Bagi penggemar musik indie Indonesia nama grup musik Efek Rumah Kaca (ERK) sudah tidak asing terdengar. Lahir tahun 2001 di Jakarta, grup musik yang membawa nuansa aktivisme ini akhirnya mampu diterima sebagai salah satu band indie populer di Indonesia.
Asal Mula Efek Rumah Kaca
Mengutip wikipedia, pada tahun 2001, Cholil Mahmud bersama Adrian Yunan Faisal, Hendra dan Sita membuat sebuah band. Akbar Bagus Sudibyo baru ikut masuk setelah diperkenalkan oleh teman mereka. Dua tahun kemudian, Hendra dan Sita keluar dari band karena kesibukkan masing-masing.[2]Setelah berganti nama menjadi Hush dan Superego, akhirnya mereka memutuskan memakai nama Efek Rumah Kaca. Kemudian tahun 2007, mereka merilis album pertama mereka, Efek Rumah Kaca yang terjual lebih dari 5.000 kopi.

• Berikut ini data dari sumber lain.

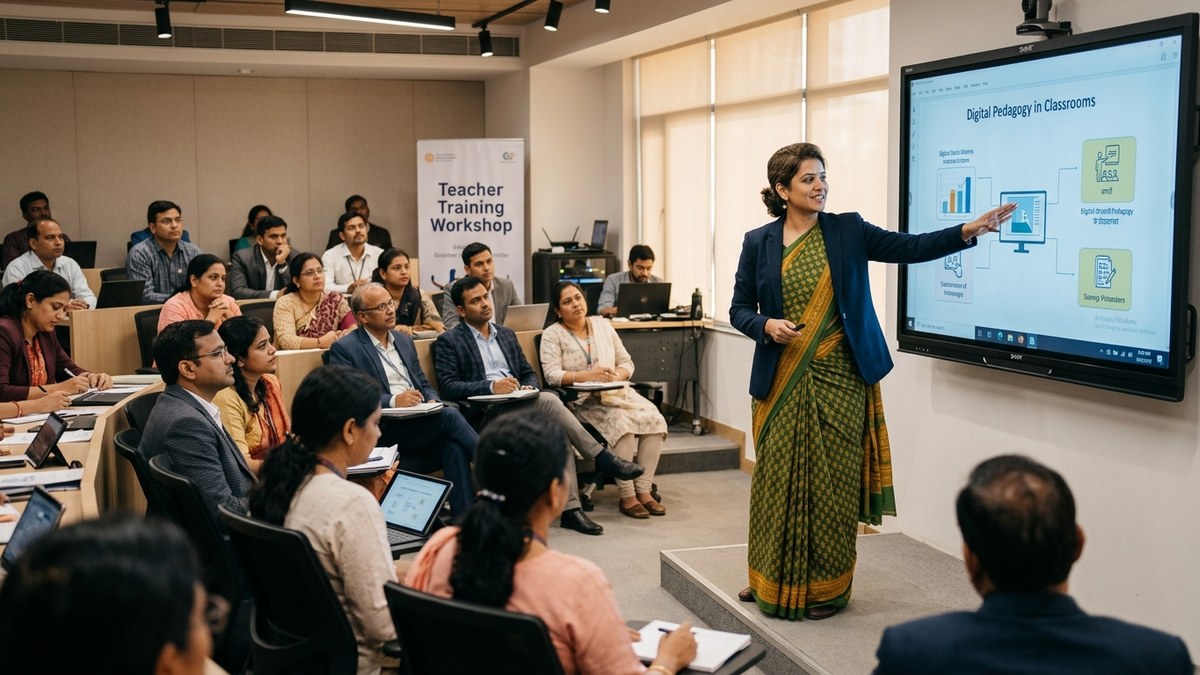 Smart classroom India educator training on smart board teaching methods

Setahun selanjutnya, ERK merilis album keduanya berjudul “Kamar Gelap” dirilis pada tanggal 19 Desember 2008. Album ini merilis 3 singel yaitu Kenakalan Remaja di Era Informatika, Mosi Tidak Percaya dan Balerina. Album ini mendapatkan penghargaan pada Indonesia Cutting Edge Music Awards 2010 untuk The Best Album dan Kenakalan Remaja di Era Informatika untuk Favorite Alternative Song. Lalu, pada tahun 2017
Adrian, bassist ERK yang juga sebagai salah satu pendiri Efek Rumah Kaca, mengalami kebutaan total dan memutuskan untuk mengundurkan diri dari Efek Rumah Kaca dan pada tahun yang sama, ia juga mengeluarkan album solo yang ber-genre pop folk, Sintas.
ERK bisa dikatakan sukses menarik perhatian publik melalui karyanya. Namun, ada hal tidak pernah diketahui banyak penggemar ERK, bahwa lagu-lagu yang bernuansa aktivismenya telah membawa ERK kepada kondisi yang bisa dikatakan “berbahaya”.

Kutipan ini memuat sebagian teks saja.